The film follows it’s main character, psychologist Chris Kelvin (played by Donatas Banionis), as he travels out to a space station, which is positioned over an ocean on an alien planet named Solaris. Chris is meant to evaluate the three remaining scientists onboard who are reportedly experiencing strange hallucinations and other psychological troubles, and also to evaluate the mission for its lack of research productivity. Shortly after arriving, Chris himself is visited by his long dead wife and is forced to reconcile with her and with himself over the course of the rest of the movie.
Tarkovsky utilizes long shots, constant camera motion through panning and tilting, and unique angles to create a dreamlike quality in the film and to allow the visual imagery to take precedence over other elements such as dialogue, plot, or soundtrack. The natural imagery that opens the story—grasses flowing beneath water and lush greenery—is juxtaposed to great effect with the sterile destruction of the space station. The low-volume soundtrack, with its electric version of a Bach chorale, mirrors the underlying tension between new discovery and nostalgia for the past that runs as a thread throughout the story and drives the plot slowly forward.
One of the most innovative and fascinating things the film does, however, is in its explorations of memory. The scientists on the station inform Chris that in response to their X-ray probes of it, the alien ocean sent its own probes which took shreds of memories from their heads and created “visitors” from these scraps of memory. One of the films most profound conflicts comes from this resurrection of Chris’s dead wife, Hira, out of his memories of her. From a photograph of her that Chris carries with him in his bag, it is clear that the memory she was created from comes directly from how she was at the moment the photo was taken. The implication is that the memory he has of her is based less on the true experience of who she was and more on the object-image he has used to represent her.
Later on, the replica Hira begins to understand that she is not the real Hira, and she and Chris engage in the recall of a memory about his mother. Significantly, the scene is shot from behind the characters as they speak in front of mirror. We watch not them but their reflections as they try to piece together an event that he lived through and she did not, a scene which she is only able to participate in through a home video that Chris shows her. Again, this underscores the displacement of real life experience into image or replica, and explores the idea that what humans understand about who they are, where they come from, and even how their consciences are constructed comes from this flattened, two-dimensional space of memory.

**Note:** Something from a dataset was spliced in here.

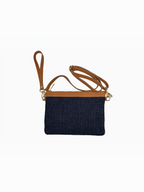 BROCK LOUISA LEE navy blue raffia clutch with tan leather trim, wrist strap, and adjustable shoulder strap.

Towards the film’s climax, Chris exclaims in a feverish state that, “Shame is the feeling that will save humanity.” Shame is a mostly reflective emotion. It occurs after the event in question, looking back on it and realizing that an action that has already been taken was morally wrong. This is one of Tarkovsky’s most powerful messages: through image and object it is necessary to reflect on, heal, and honor the past to build a stronger morality on which to rest the future.